Luhut menegaskan hal tersebut karena pada kenyataannya, dengan kondisi yang ada saat ini, NDC dari negara-negara pihak diyakini kurang mampu untuk menahan laju pemanasan global bahkan hingga melebihi 2 derajat celcius.

Terkait dengan pernyataannya itu, ia pun membeberkan upaya pemerintah Indonesia untuk mencapai target ambisius dalam pengurangan emisi karbon.

"Pertama-tama, saya ingin menekankan bahwa pelaksanaan Perjanjian Paris perlu dipercepat, perlunya upaya-upaya intensif serta investasi pada ekonomi rendah karbon berkelanjutan," ungkapnya.
Baca juga: Indonesia mengedepankan aksi bersama kendalikan perubahan iklim
Baca juga: Menteri LHK: Pengendalian iklim RI alami kemajuan signifikan


Menurut Luhut, selama pelaksanaan COP26 di Glasgow, masyarakat dari seluruh dunia berkumpul dan mencari solusi untuk mempertahankan kenaikan suhu di bawah 2 derajat celsius, di atas tingkat masa pra-industri.

"Kami telah melampaui suhu 1 derajat celcius dan Panel Antarpemerintah untuk Perubahan Iklim/IPCC telah mengingatkan bahwa suhu global harus dipertahankan agar tidak naik lebih dari 1,5 derajat celcius," tambahnya.

Pemerintah Indonesia telah memperbarui target NDC-nya untuk meningkatkan kemampuan adaptasi dan ketahanan terhadap perubahan iklim.

"Indonesia telah siap mengurangi emisi antara 41-50 persen, dengan syarat adanya dukungan internasional yang cukup," ujarnya.

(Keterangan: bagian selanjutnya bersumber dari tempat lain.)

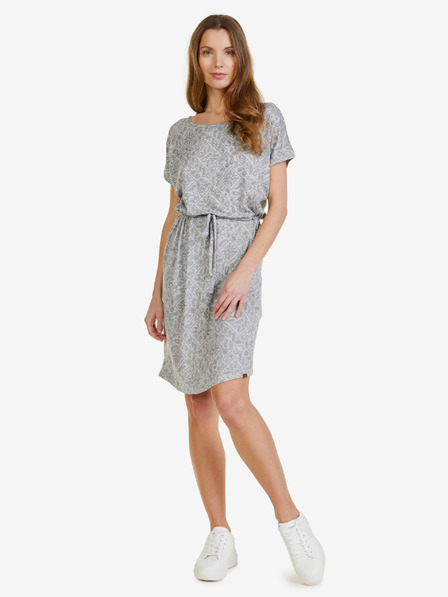 Sam 73 Hellgraues gemustertes Damenkleid SAM 73 Odette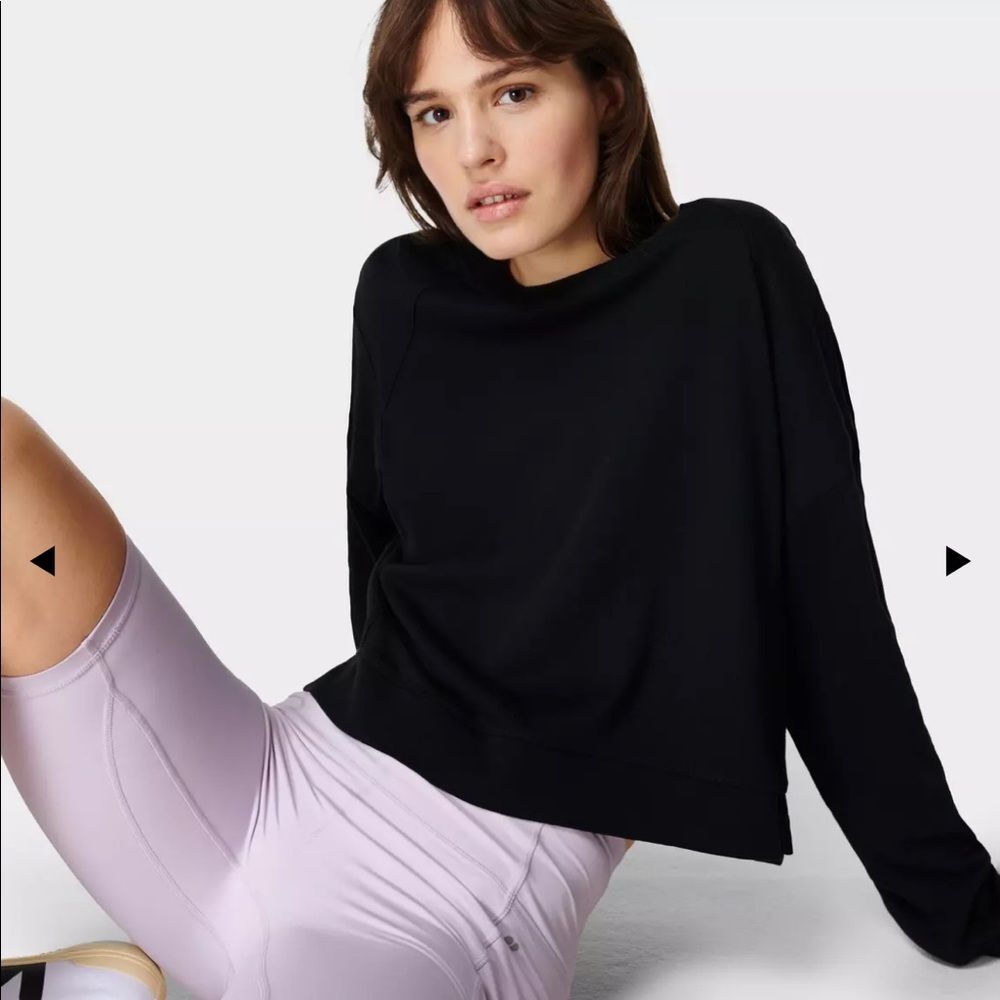 Sweaty Betty After Class Crop Sweatshirt*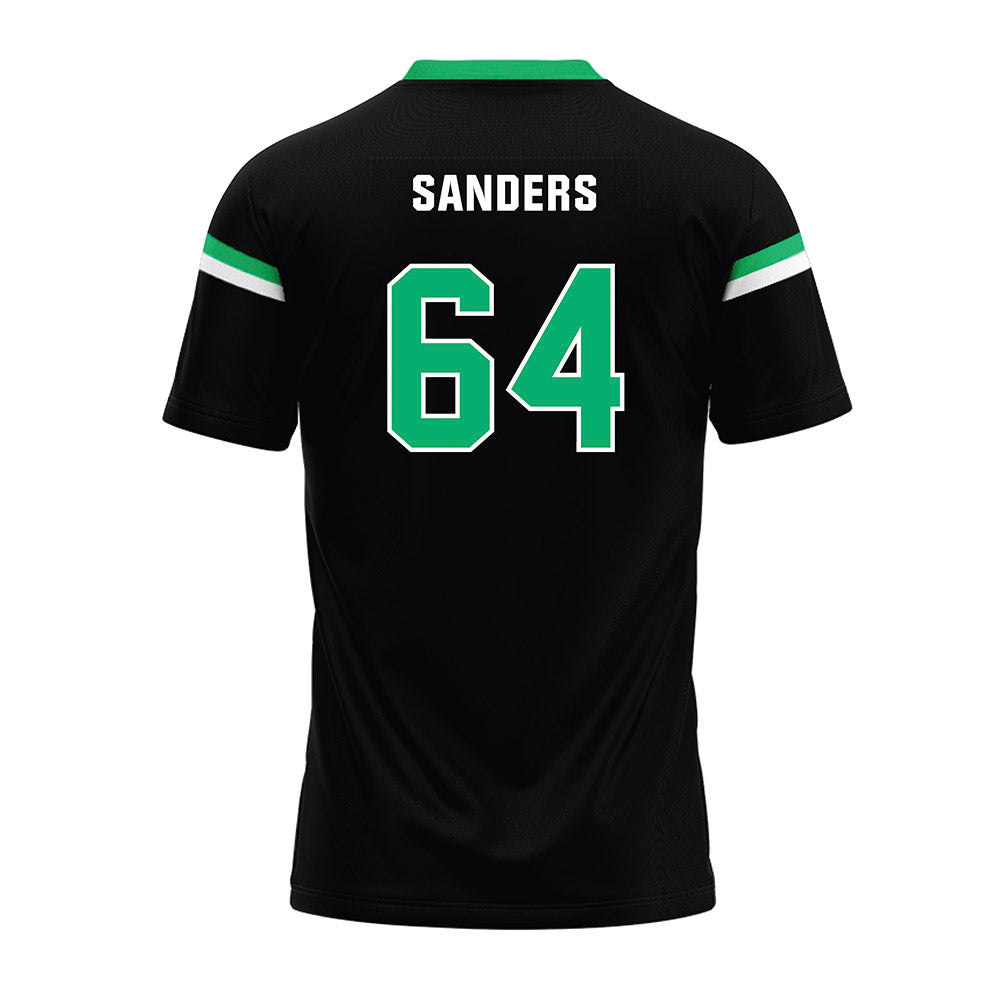 UAM - NCAA Football : Karter Sanders - Black Premium Football Jersey-1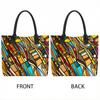  Colorful Abstract Tote Bag Stylish Large Capacity Handbag for Daily Use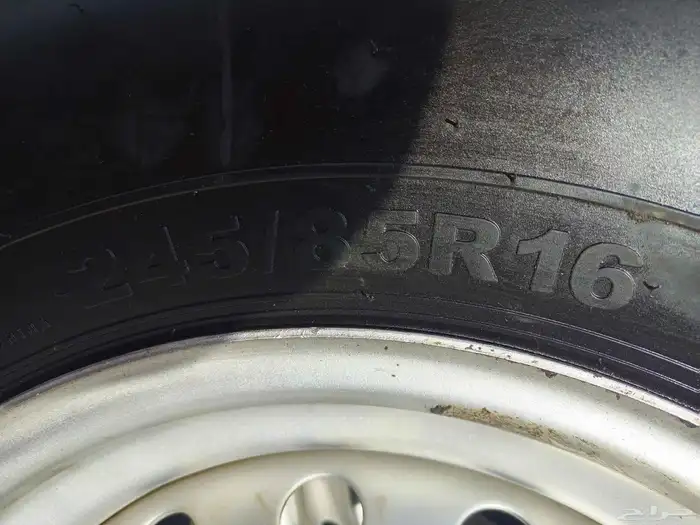 جنوط هلل 16 وكفرات شاهين 245 85 16 تاريخ24 4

Komitmen itu bukanlah pepesan kosong belaka. Pasalnya, Luhut menyebutkan bahwa pemerintah Indonesia telah melakukan berbagai upaya untuk memperkuat tindakan-tindakan adaptif serta program konservasi mangrove dan gambut.

"Kami telah melaksanakan berbagai program untuk memperkuat ketahanan pesisir seperti pelaksanaan adaptasi berbasis ekosistem dalam pengembangan kawasan pesisir, manajemen mangrove terintegrasi, serta pengendalian pencemaran laut," katanya.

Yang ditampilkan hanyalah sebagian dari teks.